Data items
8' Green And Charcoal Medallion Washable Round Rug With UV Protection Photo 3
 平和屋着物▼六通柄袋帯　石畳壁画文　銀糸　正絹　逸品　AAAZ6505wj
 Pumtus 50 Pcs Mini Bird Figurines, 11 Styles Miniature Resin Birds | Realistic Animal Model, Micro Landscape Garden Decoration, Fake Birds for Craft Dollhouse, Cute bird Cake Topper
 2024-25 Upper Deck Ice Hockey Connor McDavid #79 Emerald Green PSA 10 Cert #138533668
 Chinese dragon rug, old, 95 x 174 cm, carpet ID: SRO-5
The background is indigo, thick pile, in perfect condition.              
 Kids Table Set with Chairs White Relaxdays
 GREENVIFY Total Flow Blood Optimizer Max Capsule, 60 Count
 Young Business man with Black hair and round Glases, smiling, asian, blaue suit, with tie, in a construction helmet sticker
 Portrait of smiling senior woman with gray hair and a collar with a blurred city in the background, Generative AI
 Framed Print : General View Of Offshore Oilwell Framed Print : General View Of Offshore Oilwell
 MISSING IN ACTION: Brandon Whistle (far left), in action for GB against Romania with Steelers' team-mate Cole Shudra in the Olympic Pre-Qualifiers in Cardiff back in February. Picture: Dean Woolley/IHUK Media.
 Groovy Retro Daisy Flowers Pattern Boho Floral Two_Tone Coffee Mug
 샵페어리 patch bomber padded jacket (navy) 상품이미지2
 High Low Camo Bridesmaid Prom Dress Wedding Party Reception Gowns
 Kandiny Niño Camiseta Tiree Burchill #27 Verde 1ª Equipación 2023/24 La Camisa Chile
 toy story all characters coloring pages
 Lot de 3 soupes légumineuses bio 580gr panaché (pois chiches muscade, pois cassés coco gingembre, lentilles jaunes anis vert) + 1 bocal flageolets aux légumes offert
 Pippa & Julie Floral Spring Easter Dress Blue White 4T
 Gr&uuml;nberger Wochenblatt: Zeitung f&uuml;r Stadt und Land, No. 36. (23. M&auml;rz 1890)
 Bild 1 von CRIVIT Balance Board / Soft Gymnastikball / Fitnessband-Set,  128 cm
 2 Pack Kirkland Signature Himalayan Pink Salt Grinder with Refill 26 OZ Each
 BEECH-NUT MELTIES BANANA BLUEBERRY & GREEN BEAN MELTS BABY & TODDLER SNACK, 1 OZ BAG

**Exercise objective:**
Copy out the lines above exactly, beginning at the one that contains "Framed Print : General View Of Offshore Oilwell Framed" and ending at the one that contains "Gr&uuml;nberger Wochenblatt: Zeitung".

**Answer to this problem:**
 Framed Print : General View Of Offshore Oilwell Framed Print : General View Of Offshore Oilwell
 MISSING IN ACTION: Brandon Whistle (far left), in action for GB against Romania with Steelers' team-mate Cole Shudra in the Olympic Pre-Qualifiers in Cardiff back in February. Picture: Dean Woolley/IHUK Media.
 Groovy Retro Daisy Flowers Pattern Boho Floral Two_Tone Coffee Mug
 샵페어리 patch bomber padded jacket (navy) 상품이미지2
 High Low Camo Bridesmaid Prom Dress Wedding Party Reception Gowns
 Kandiny Niño Camiseta Tiree Burchill #27 Verde 1ª Equipación 2023/24 La Camisa Chile
 toy story all characters coloring pages
 Lot de 3 soupes légumineuses bio 580gr panaché (pois chiches muscade, pois cassés coco gingembre, lentilles jaunes anis vert) + 1 bocal flageolets aux légumes offert
 Pippa & Julie Floral Spring Easter Dress Blue White 4T
 Gr&uuml;nberger Wochenblatt: Zeitung f&uuml;r Stadt und Land, No. 36. (23. M&auml;rz 1890)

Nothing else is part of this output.